PRINCIPLES OF TOXICOLOGY

462 RISK ASSESSMENT
characterization of potential risks posed by the chemicals but also in developing effective strategies
for managing the risks.
A particularly important aspect of the risk characterization is a discussion of the uncertainties
associated with the risk estimates. Each individual step in the risk assessment process is a potential
source of uncertainty. Many of these are discussed throughout the chapter, and include uncertainty
associated with estimating exposure (e.g., measurement errors, uncertainty in selecting the best
exposure models, uncertainty regarding exposure conditions that will exist in the future) as well as
determining safe levels of exposure (e.g., uncertainty regarding the shape of the dose–response
relationship in the low-dose region and extrapolating results from animals to humans, uncertainty that
the most sensitive health effect has been identified, uncertainty regarding ways that multiple chemicals
might interact). These need to be articulated in the risk characterization so that an appreciation of the
level of confidence and conservatism in the risk estimate can be gained. Without a discussion of
uncertainty, risk assessment results are often perceived as being more precise than they really are,
which could lead to misuse. Minimally, uncertainties should be discussed qualitatively, identifying the
source or nature of each uncertainty and how, in a general way, it could affect the risk estimation (i.e.,
whether the approach taken, in view of the uncertainty, is likely to contribute to an over- or
underestimation of risk). A semiquantitative perspective is helpful, in which the implications of model
and assumption choices on the risk estimate are described in rough, order-of-magnitude terms. As
discussed in Section 18.6, probabilistic techniques can be used to provide more precise quantitative
expression of the uncertainties associated with risk estimates, as well as a description of variability in
risks encountered in exposed populations. This approach is attractive in that it offers a much richer
characterization of the risks and uncertainties than do the more traditional risk estimation techniques.
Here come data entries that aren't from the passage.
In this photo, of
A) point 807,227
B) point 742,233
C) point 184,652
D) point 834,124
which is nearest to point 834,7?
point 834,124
It is technically demanding, however, requiring much greater time, resources, data, and technical
expertise.
18.6 PROBABILISTIC VERSUS DETERMINISTIC RISK ASSESSMENTS
Risk assessments are rarely performed for a single individual. Instead, risk assessments are designed
primarily to characterize risks to populations of individuals. Many—perhaps most—of the factors that
affect risk can vary from one person to another. Differences in body weight, inhalation rate, frequency
and duration of contact with contaminated media, and even sensitivity to toxicity, are examples of
factors that can lead to different risks among individuals, even if the concentration of chemical to which
they are all exposed is the same. Theoretically, there is no single risk for a particular exposure
circumstance, but rather as many different risk values as there are individuals in the exposed population.
In confronting the issue of variability in risk assessment, the traditional approach used for regulatory
purposes has been to simply characterize the risk to individuals within the population with the greatest
exposure. A deterministic approach to risk calculation is used, where a single value is selected for each
exposure variable and a single risk estimate is produced. The exposure assumptions are chosen to
represent the plausible upper bound of exposure, and the risk estimate is said to be associated with
reasonable maximal exposure (RME) or high-end exposure. The development of a single, high-end
risk estimate for regulatory use is consistent with the goal of regulatory agencies to develop risk
management strategies protective of the entire population. For perspective, a deterministic approach
may also be used to develop an estimate of risk for the average individual in the population, that is, a
central tendency estimate of the risk. The problem with this approach is that it provides little
information on the extent to which risk varies within the population. For example, while exposure
values may be selected to develop a high-end estimate of risk, it is difficult to know whether this value
is merely conservative or extreme. Does it represent an exposure that might be exceeded by 1 or 2 out
of every 10 individuals, or does it represent an exposure circumstance so extreme that it is unlikely
ever to take place? This vagueness regarding the degree of conservatism in deterministic risk estimates
undermines their value and creates controversy regarding their use in regulatory decision making.